Она опустила голову и ничего не ответила.

* * *

«Да, — думал Медведев, выходя из Тониного дома, — никаким разводом тут, конечно, не пахнет. Завел себе Салтыков молодую бабенку (он вспомнил Тонину пышную грудь, косу до пояса и розовые щеки), здоровую, крепкую, как репа, и трахается с ней в свое удовольствие, когда приспичит. Но разве ради такой Тони бросают жену? Эта Топя и так никуда от него не денется: он ее купил, она — его вещь».
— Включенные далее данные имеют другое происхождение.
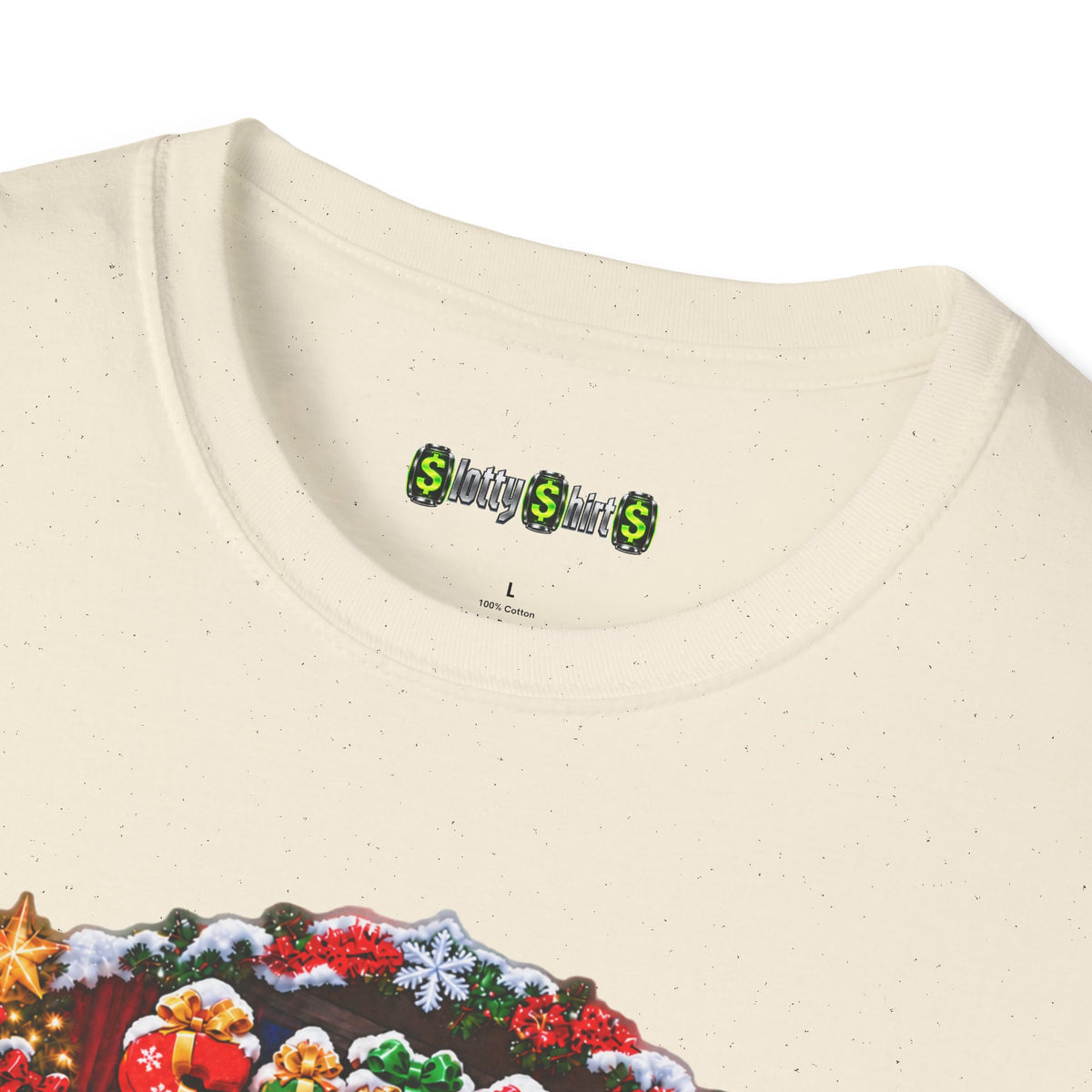 SANTA BABY, BRING ME A GRAND!  T-Shirt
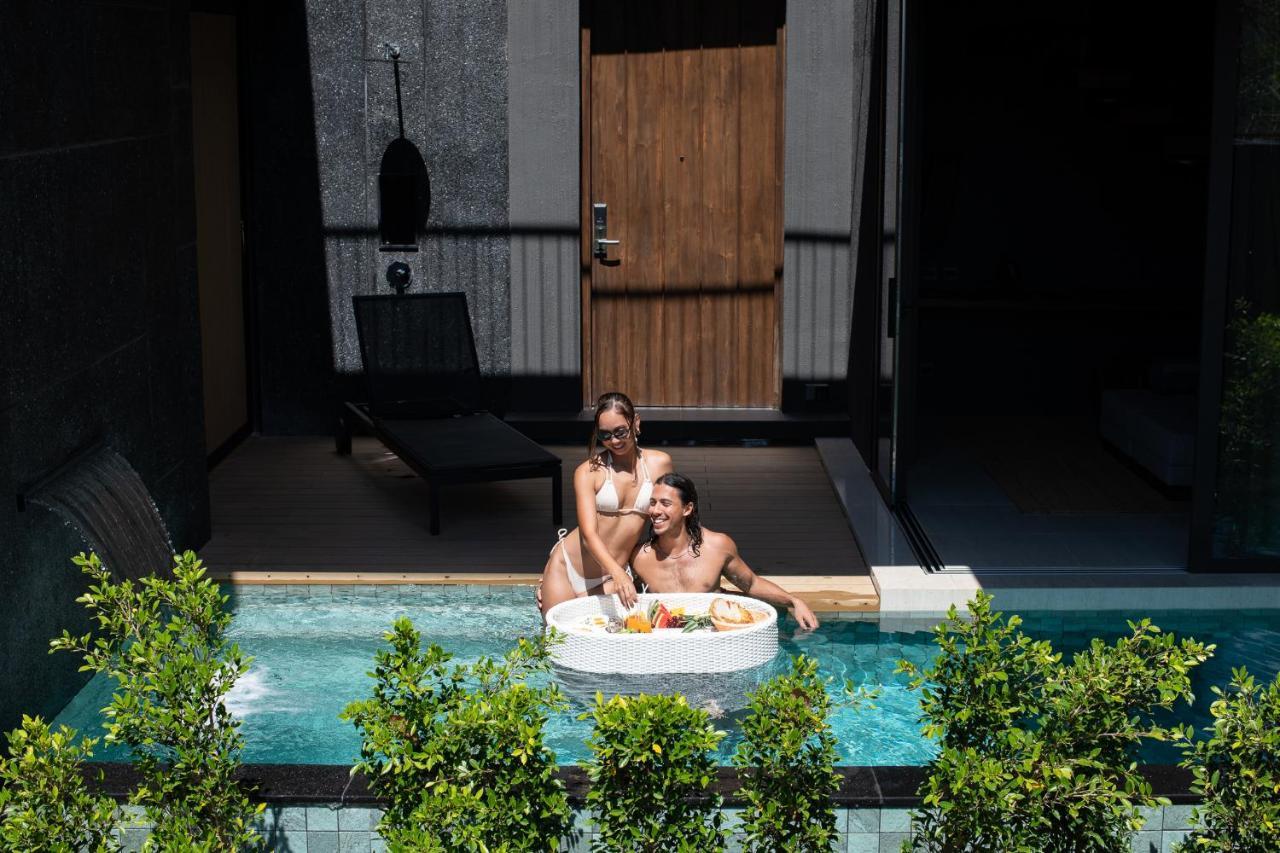 Akra Collection Layan - Hideaway Villas Exterior foto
И он снова вспомнил, какие грустные у этой Тони глаза, и как она называет своего любовника Павлом Аркадьевичем, и как старательно запахивает на себе халатик, и стало ему почему-то безумно ее жаль.

«А, впрочем, чего ее жалеть? — продолжал размышлять Медведев, закуривая сигарету, — ей еще повезло. Другие девчонки приезжают из провинции и сразу на панель попадают, а то и в уголовщину ввязываются, а эта сидит в квартире, в чистоте, в тепле, сытая, видак смотрит, матери в Курск звонит…»
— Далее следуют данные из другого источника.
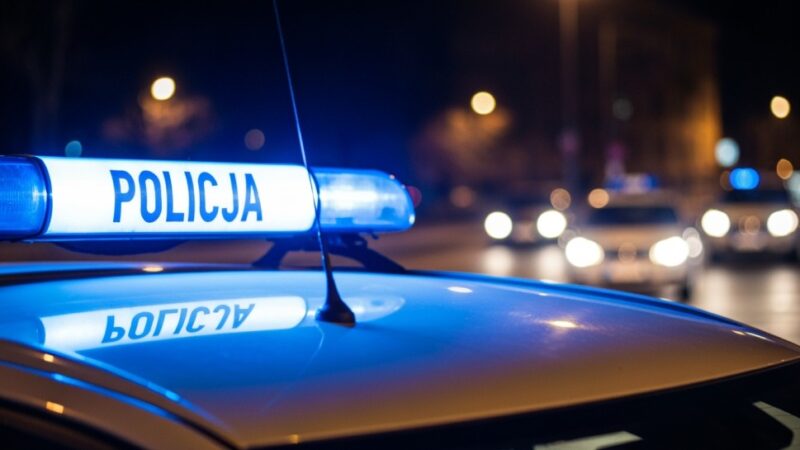 Narkotyki w samochodzie: Kierowca pod wpływem, pasażer z marihuaną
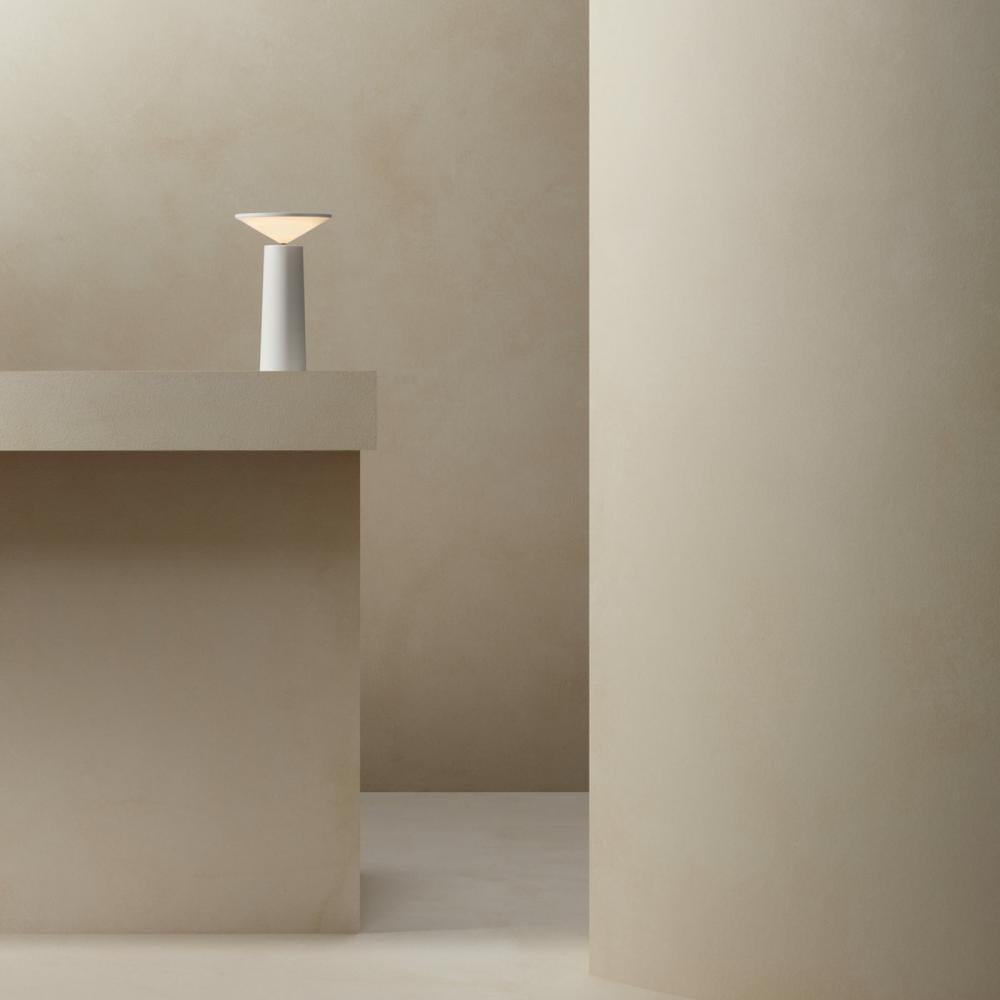 Rotating Rechargeable Table Lamp, Dimmable USB-C LED Light - product view 6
Медведев перешел на другую сторону улицы, вскочил в подошедший автобус и, пристроившись на задней площадке, снова подумал о Тоне: «Да, все так, конечно, но все равно: забитая она какая-то, несчастная, черт ее знает… Видно не сладко ей с этим Павлом Аркадьевичем… Надо же, ревнует ее, старый козел! Впрочем, мне-то что до нее? — рассердился на себя чувствительный опер. — Что я ей — отец, что ли?»


И все. Больше никакой «клубнички» за Салтыковым не нашли, как ни старались. Выходит, незачем ему было убивать свою жену?
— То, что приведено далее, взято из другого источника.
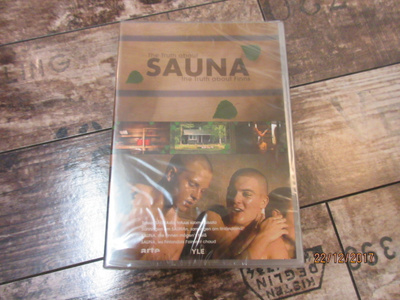 Sauna (DVD) *UUSI*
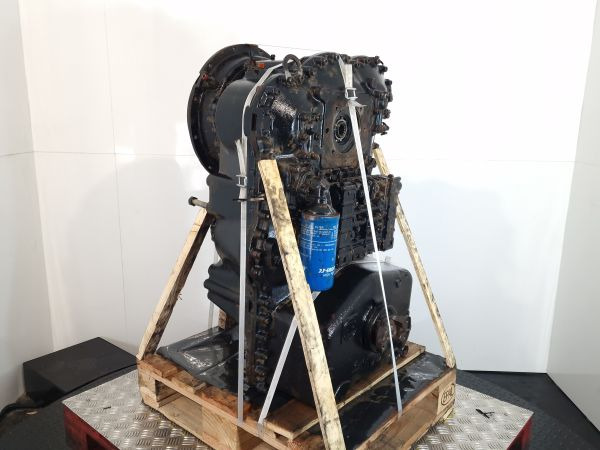 ZF Industrial/Hyundai 4WG-210 Gearbox - Kutia e marsheve: foto 5 ZF Industrial/Hyundai 4WG-210 Gearbox - Kutia e marsheve: foto 5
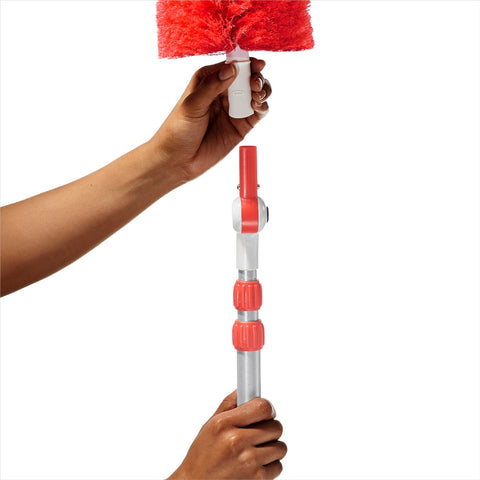 Long Reach Dusting System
И Залуцкий подытоживал: нет, это не Салтыков. Нет у Салтыкова мотива. А у Юрганова, может, и есть. Нашли же у него в кармане при обыске стихи, посвященные какой-то Нине, про которую Юрганов ничего говорить не захотел. А ведь это была та самая Нина Савельева, которая только что ушла от него. Ведь Юрганов знал про ее день рождения. И если эта Нина так страстно его защищает, кто знает, какие между ними намечались отношения? И разве нельзя допустить, что драгоценности Салтыковой он как раз и собирался преподнести Савельевой на день рождения? Своих-то средств на подарок у него нет? Вот тебе и мотив! И как ни хороши его истории про письма и про кольца, а выходит, что убил все-таки он?..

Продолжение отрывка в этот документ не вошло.